A good human driver generally makes few if any sudden movements or unexpected turns—and the expectation will be that an AV is at least as good as a good human driver, able to accelerate, brake and steer smoothly and unremarkably. In the world of autonomous ride-sourcing, vehicles will be expected to deliver journeys that are, at the very least, unremarkable.
Feelings of nausea can be unpleasant for the rider, and can ultimately take a robotaxi off the road, necessitating a return to the depot for cleaning, with the operator incurring considerable cost and lost revenue. An all-round bad experience, when unremarkable is good. Most robotaxi passengers will be uninterested in the vehicle’s performance, wanting nothing more than a punctual, convenient and reasonably priced ride, arriving at their destination refreshed and relaxed.
Are you ready to take back control?
Product development company Semcon notes that with automation removing the primary task, namely driving, greater importance is given to secondary tasks, such as scrolling through infotainment options or communicating with friends.

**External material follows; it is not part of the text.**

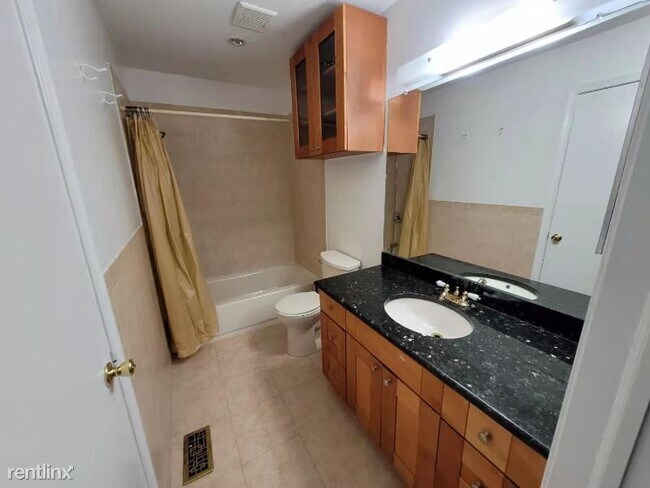Foto del edificio - 3 br, 1.5 bath Townhome - 91 Cortland Ln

Developers of AVs need to be able to delight people with sensational, gimmick-free products—but they also need to remember that people often just want a journey that is convenient, affordable and otherwise unremarkable
Reducing cognitive load reduces stress for vehicle occupants, but too little cognitive load can increase the time it takes to get a driver back in the loop—essential if the system is reliant upon a driver taking back control under certain conditions. At the same time, riders may for any number of reasons wish to override the car and take back control; no-one likes a backseat driver, but perhaps Semcon’s Head of User Experience, Karin Eklund is onto something with the concept of a backseat driver mode, which gives otherwise passive riders the ability to do just that.
According to user experience specialist Lextant, partial automation can be more stressful than fully manual driving, as drivers need to constantly monitor whether the vehicle is doing what it is supposed to. The trick for vehicle designers here is to enable the driver to use their time however they see fit, but to also remain engaged should they need to take over—and this means delivering only the information needed at the time for that particular task. Expect the way information is delivered to change, from reconfigurable instrument clusters to head-up displays (HUDs), virtual reality (VR) and augmented reality (AR).
How would you describe your experience?
Technology evolves quickly, but the Punchcut view is that human needs do not; people still need human connection, they need a sense of purpose, and they need to feel productive. The AV UX will need to reflect this.
How, then, will the user experience differ with autonomous cars? The answer is likely to be anything from ‘not much’ to ‘everything will change’. Developers of AVs need to be able to delight riders with sensational, gimmick-free products—but they also need to remember that people often just want a journey that is convenient, affordable and otherwise unremarkable.